Что ж, это совершенно не согласуется с моим понятием проповедничества – стоять на кафедре и считывать с пожелтевших страниц слова, которые когда-то казались мне верными. Одной темной ночью я просто пытался преуменьшить очевидное, когда сидел и пытался облечь мысли в слова. И вот во втором ряду сидит Боутон-младший, который всегда видел меня насквозь. И я, вновь убедившись, что он может войти в церковь с какой бы то ни было циничной надеждой прикоснуться к живой Истине, вынужден был озвучивать эти мертвые слова, пока он сидел и улыбался, глядя на меня. Я в самом деле думаю, есть некий смысл в том, чтобы связать рационализм с иррационализмом, то есть материализм и идолопоклонство, и если бы у меня были силы отклониться от текста, я мог бы изречь умную мысль. А так я просто прочел проповедь, пожал всем руки, пришел домой и лег вздремнуть на диван. У меня возникло ощущение, что Боутон-младший мог бы найти успокоение в том, что моя проповедь не имела никакого отношения к тому, что произошло между нами, не имела никакого отношения к нему, благослови его Бог, этого несчастного дьявола. На самом деле, стоя там, я жалел, что у меня более нет оснований, которые питали бы мои старые страхи. Это изумило меня. Я чувствовал себя так, как будто готов завещать ему жену и ребенка, если бы мог, чтобы возместить его потерю.
Сегодня утром я проснулся с мыслью, что этот город с таким же успехом мог бы находиться в аду, если взглянуть правде в глаза, и я повинен в этом, как и все остальные. Я думал о том, что произошло здесь при моей жизни – засухи, грипп, и Великая депрессия, и три ужасные войны. Теперь мне кажется, что мы так и не смогли отвлечься от всех этих преследующих нас бед и задать себе очевидный вопрос, а именно: что Господь пытается донести до нас? В английском языке слово «проповедник» произошло от старого французского слова «prédicateur», которое означает «пророк». Так в чем предназначение пророка, если не находить смысл в злоключениях?
Что ж, мы так и не задали вопрос, и вопрос у нас забрали.

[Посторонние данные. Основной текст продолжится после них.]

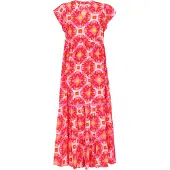 IZIA Vestidos camiseiros mistura de cores / rosa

Мы стали как люди, не ведающие Закона, люди, которые не отличают правую руку от левой. И просто оказались в затруднительном положении. Чужак может задаться вопросом, почему здесь вообще вырос город. Да и наши дети могут задать такой же вопрос. Только кто им ответит? Это всего лишь захолустный маленький аванпост в песчаных холмах на огромном расстоянии от Канзаса. И таково его предназначение. Это одно из тех мест, куда могли направиться Джон Браун и Джим Лейн, когда им понадобилось бы подлечиться и отдохнуть. Должно быть, существует не меньше сотни таких маленьких городков, основанных в разгар былой необходимости, о которой давно все забыли, а их малость и ветхость, которые тогда свидетельствовали о храбрости и страсти, с какими их строили, теперь смотрятся странно, нелепо, провинциально. И это мнение разделяют даже те люди, которые прожили здесь достаточно долго, чтобы все понимать. Для меня это место тоже выглядит нелепо. Я в самом деле подозреваю, что никогда не выезжал отсюда, потому что боялся покинуть его навсегда.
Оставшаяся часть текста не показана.